» Work instruction:
For the records below, output word for word the lines from the one with "Customizable Hot Sales" up to and including the one with "자라 워싱 스웻셔츠 M 오버 상품이미지4". No pictures.

» Material provided:
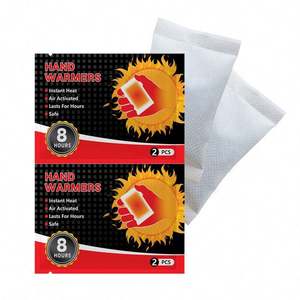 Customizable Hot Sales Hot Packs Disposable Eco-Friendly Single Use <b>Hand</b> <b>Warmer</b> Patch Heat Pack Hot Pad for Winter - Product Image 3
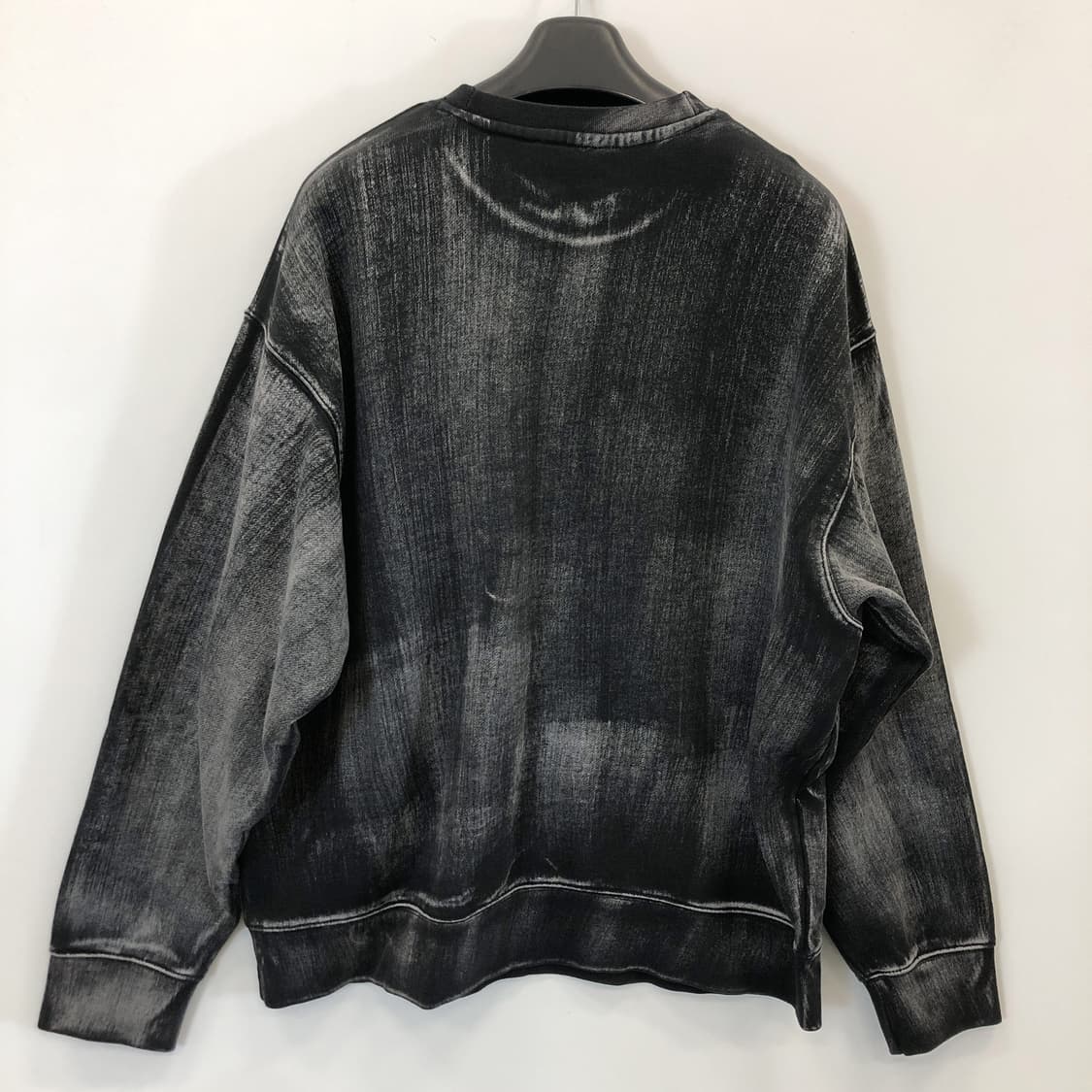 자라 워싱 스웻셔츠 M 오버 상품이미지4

--

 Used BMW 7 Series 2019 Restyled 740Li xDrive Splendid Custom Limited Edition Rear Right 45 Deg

» Completed task:
 Customizable Hot Sales Hot Packs Disposable Eco-Friendly Single Use <b>Hand</b> <b>Warmer</b> Patch Heat Pack Hot Pad for Winter - Product Image 3
 자라 워싱 스웻셔츠 M 오버 상품이미지4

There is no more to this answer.